B.        LES DISPOSITIONS LÉGALES ET RÉGLEMENTAIRES

Règlement sur l’immigration de 1978 [art. 6(1) (mod. par DORS/92-101, art. 3), a) (mod. par DORS/83-675, art. 2), (6) (mod. par DORS/93-44, art. 5), a) (mod. par DORS/92-101, art. 3), b) (mod., idem)]

2. (1) Dans le présent règlement,

[…]

« parent » À l’égard d’un répondant, l’une des personnes suivantes :

[…]

h) une personne apparentée, indépendamment de son âge ou de son lien de parenté avec le répondant, dans le cas où le répondant n’a pas de conjoint, de fils, de fille, de père, de mère, de grand-père, de grand-mère, de frère, de sœur, d’oncle, de tante, de neveu ou de nièce :

(i) soit qui est citoyen canadien,

(ii) soit qui est résident permanent,

(iii) soit dont il peut par ailleurs parrainer la demande d’établissement.

[…]

6. (1) Sous réserve des paragraphes (1.1), (3.1), (3.2), (4), (5) et (6), lorsqu’une personne appartenant à la catégorie de la famille présente une demande de visa d’immigrant, l’agent des visas peut lui en délivrer un ainsi qu’à toute personne à charge qui l’accompagne :

a) si elle et les personnes à sa charge, qu’elles l’accompagnent ou non, ne font pas partie d’une catégorie de personnes non admissibles et satisfont aux exigences de la Loi et du présent règlement;

[…]

(6) L’agent des visas ne peut délivrer un visa d’immigrant à un fils à charge ou à une fille à charge visé à l’alinéa b) de la définition de « parent » au paragraphe 2(1), ou à un fils à la charge ou à une fille à la charge d’un parent, que si :

a) d’une part, au moment où l’agent d’immigration reçoit la demande de visa d’immigrant, le fils ou la fille répond aux critères concernant l’âge et l’état matrimonial ou le statut d’étudiant énoncés dans les définitions de « fils à charge » et « fille à charge » au paragraphe 2(1);

b) d’autre part, au moment où le visa est délivré, le fils ou la fille répond aux critères concernant l’état matrimonial ou le statut d’étudiant énoncés dans ces définitions.

Loi sur l’immigration

3. La politique canadienne d’immigration ainsi que les règles et règlements pris en vertu de la présente loi visent, dans leur conception et leur mise en œuvre, à promouvoir les intérêts du pays sur les plans intérieur et international et reconnaissent la nécessité :

[…]

c) de faciliter la réunion au Canada des citoyens canadiens et résidents permanents avec leurs proches parents de l’étranger;

[…]

77. (1) L’agent d’immigration ou l’agent des visas, selon le cas, peut rejeter une demande parrainée d’établissement présentée par un parent pour l’un ou l’autre des motifs suivants—dont doit être alors informé le répondant :

a) le répondant ne remplit pas les conditions fixées par les règlements;

b) le parent ne remplit pas les conditions fixées par la présente loi et ses règlements,

C.        QUESTIONS EN LITIGE ET ANALYSE

Question 1 :  La SAI a-t-elle commis une erreur de droit en concluant que Mme Mazhar n’était pas une « personne appartenant à la catégorie de la famille » parce qu’au moment de l’entrevue avec l’agent des visas elle ne remplissait plus les conditions fixées par l’alinéa 2(1)h) du Règlement, étant donné qu’un frère, deux autres sœurs et la conjointe de M. Mahmood l’avaient rejoint au Canada après la date de la demande de visa de Mme Mazhar?

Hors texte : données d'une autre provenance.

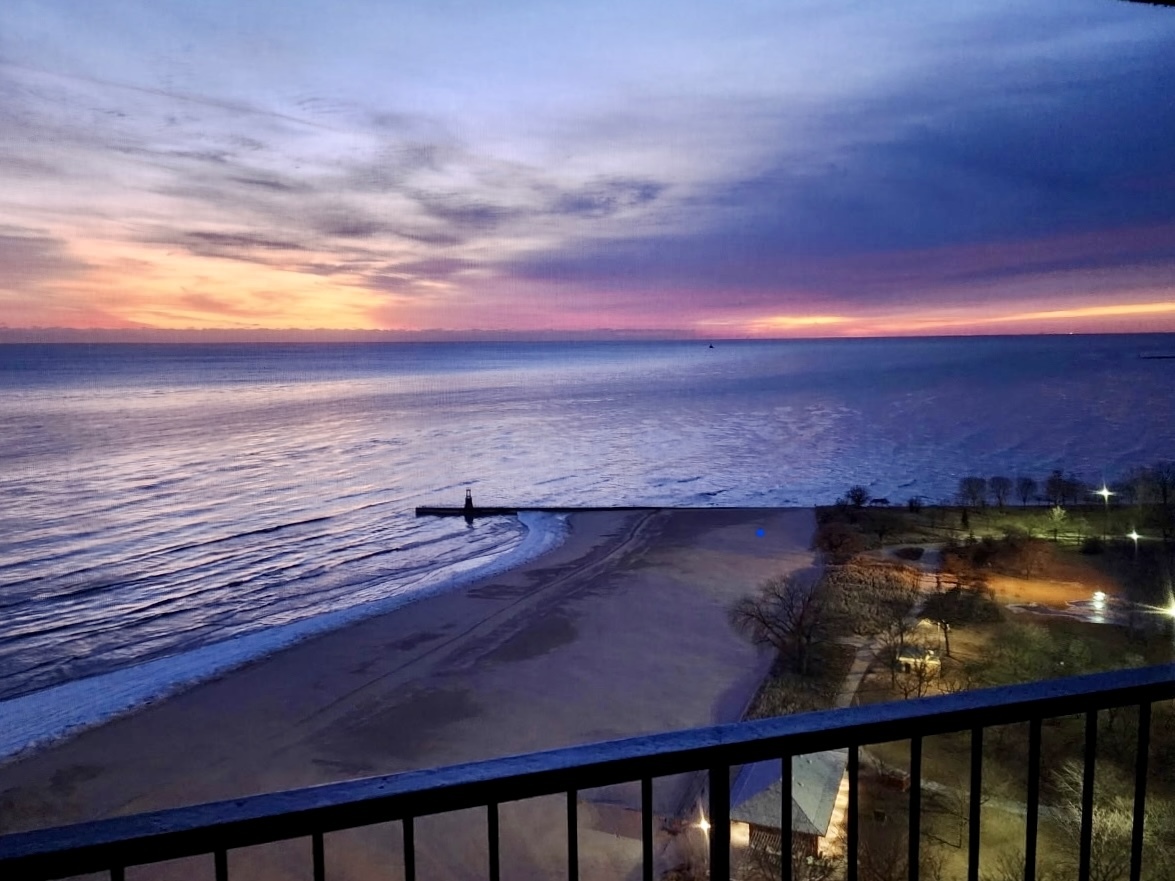 5733 N SHERIDAN Road Unit: 28D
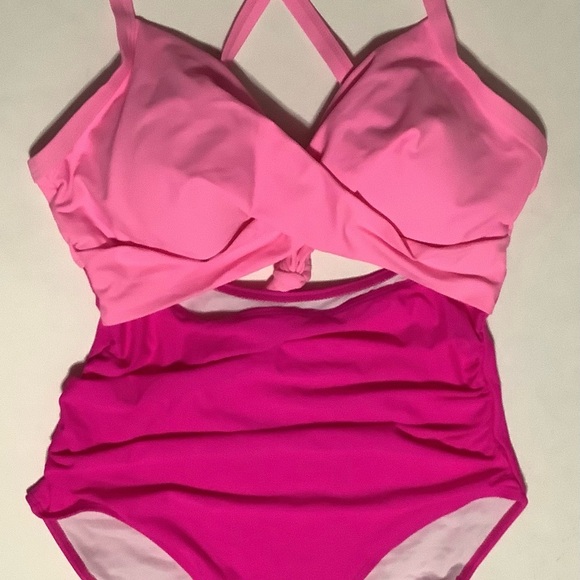 Eo Menie Somen One piece Pink Cutout Swimsuit - Picture 2 of 5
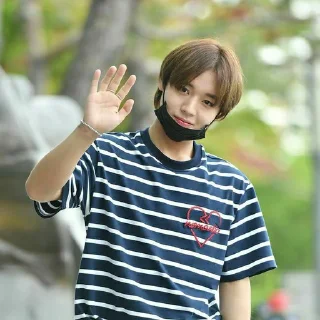 jihoon by @raymondzergan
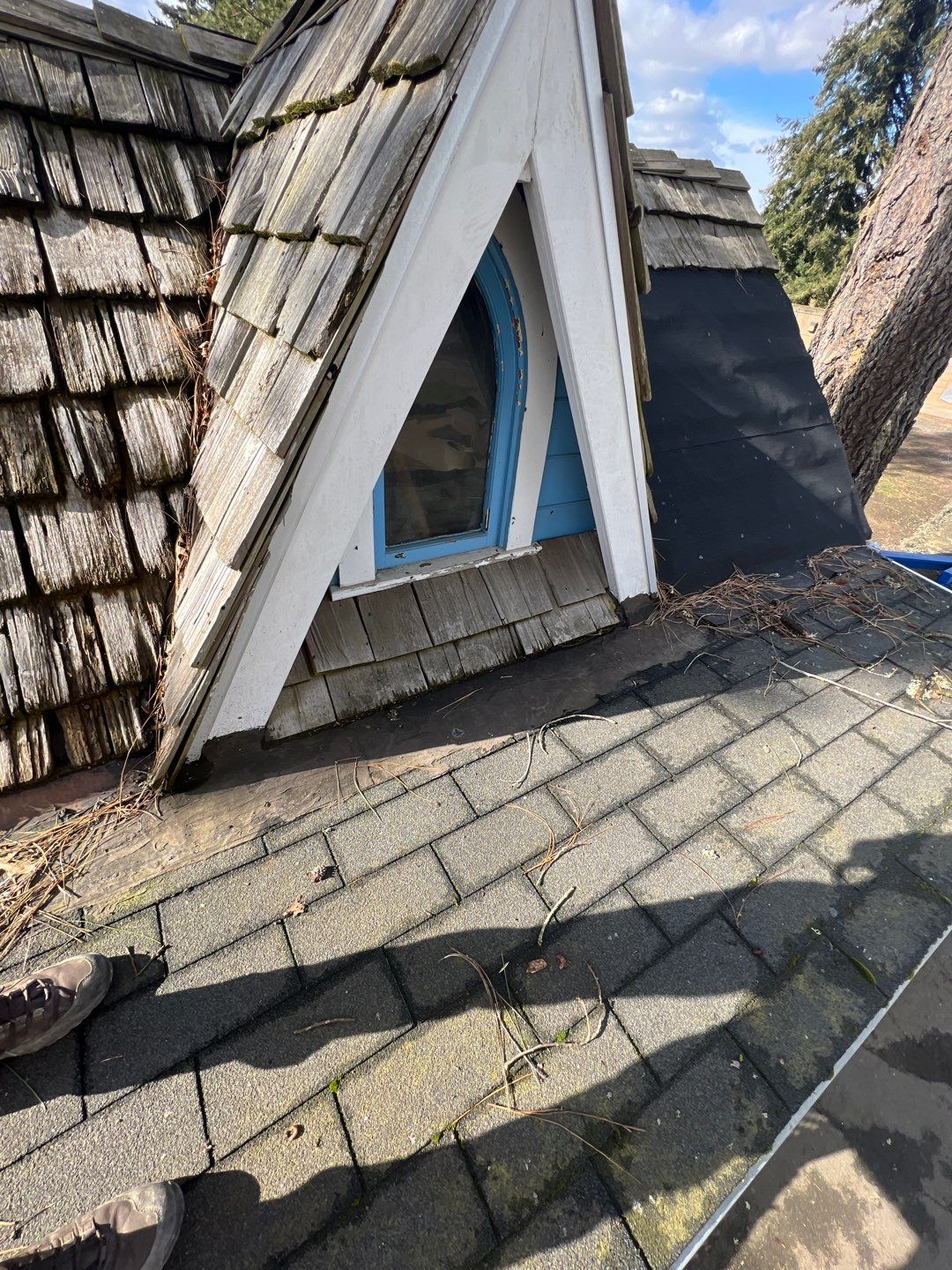 Cedar Shake Install using #1 Blue Label Cedar Shingles for the Albany Visitors Association  by Orezona Building & Roofing Company, Inc.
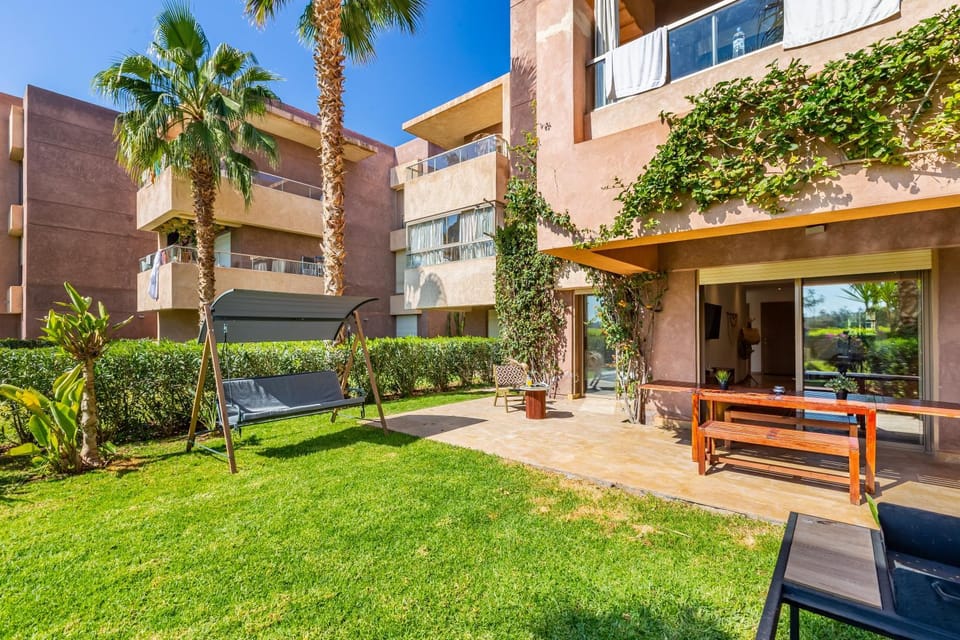 Property building, Patio, Spring, Day, Natural landscape, Garden, View (from property/room), Balcony/Terrace, Garden view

[8]        Précisant que la Cour n’a rendu aucune décision traitant directement du point en litige (question sur laquelle je reviendrai aux paragraphes 25 à 28 des présents motifs), l’avocat du demandeur a établi une analogie avec des décisions dans lesquelles la Cour a statué que l’admissibilité des personnes qui demandent le statut de résident permanent dans d’autres catégories doit être déterminée à la date de la demande de visa. Ainsi, dans l’arrêt Canada (Ministre de l’Emploi et de l’Immigration) c. Lidder, [1992] 2 C.F. 621 (C.A.), la Cour d’appel a statué que, pour être admissible à titre de neveu âgé de moins de 18 ans, un requérant parrainé devait satisfaire à la condition de l’âge au moment de la demande de visa.

[9]        De même, selon la prétention de l’avocat, il est bien établi que les points qui doivent être attribués au titre de la demande dans la profession à une personne qui fait partie de la catégorie des demandeurs indépendants sont « bloqués » au moment de la demande de visa, de sorte que le demandeur ne subit pas de préjudice si, au moment de l’entrevue, les points attribués au titre de la demande dans la profession à une personne ayant les compétences du demandeur ont été réduits. Voir, par exemple, Mohammad c. Canada (Ministre de l’Emploi et de l’Immigration) (1991), 48 F.T.R. 96 (C.F. 1re inst.); Yeung c. Canada (Ministre de l’Emploi et de l’Immigration) (1992), 53 F.T.R. 205 (C.F. 1re inst.).

[10]      À mon avis, le texte du Règlement et la politique sous-jacente laissent entendre qu’en règle générale un agent des visas peut délivrer un visa uniquement si le demandeur remplit les conditions d’admissibilité fixées par règlement à la date de la décision : Gill c. Ministre de l’Emploi et de l’Immigration, [1984] 2 C.F. 1025 (C.A.).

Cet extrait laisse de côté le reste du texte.